The same case would be made by the neighboring nations where cocaine is grown--Colombia, Peru and Ecuador. Ecuador may cooperate because its president, Leon Febres Cordero, gets on well with President Reagan. It may be possible to persuade Colombia, too, because several public officials there have been murdered by drug traffickers, creating public hostility to the drug trade. Hardest of all to persuade will be Peru, the second-biggest cocaine producer in the world. So while more drug raids in South America appear to be a logical follow-up to Operation Blast Furnace, gearing them up will not be as easy as Meese makes it out to be.

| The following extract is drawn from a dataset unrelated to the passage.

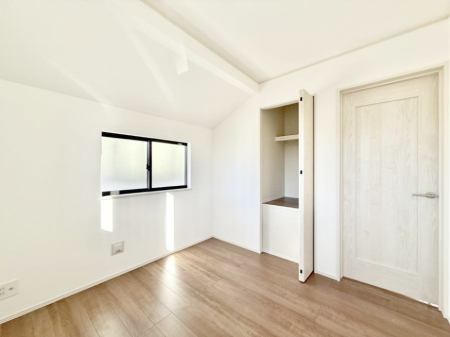 �q������ �������v���C�x�[�g��ԂƂ��ĐÂ��ŗ�������������񋟂��Ă���܂�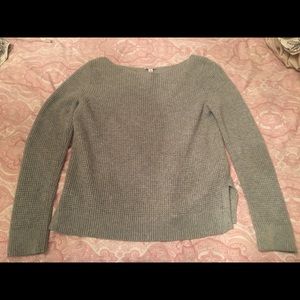 Gap sweater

In addition, there are still questions as to how effective Bolivia's campaign against the cocaine industry will prove to be in the long run. Once the U.S. helicopters and troops leave, what is to keep the cocaine traders from starting over in the hinterlands of Bolivia or, as some recent reports suggest is already happening, moving to other countries--like Brazil--with access to the Andean highlands where coca leaves grow? If there is one thing that the illegal drug traders have shown over the years, it's that they are as resilient and as quick to adapt to new surroundings as cockroaches.
The raids are dramatic, but the war on drugs will not be won on foreign battlefields. There are simply too many incentives--cultural as well as financial--for poor foreign peasants to grow coca, or marijuana, or the poppies that produce heroin. Their crops can be beaten down for a time, but never eliminated entirely. The real key to stopping illegal drugs is to persuade the prosperous consumers of the industrialized world not to use them. The biggest battles in the war on drugs must be fought on the home front.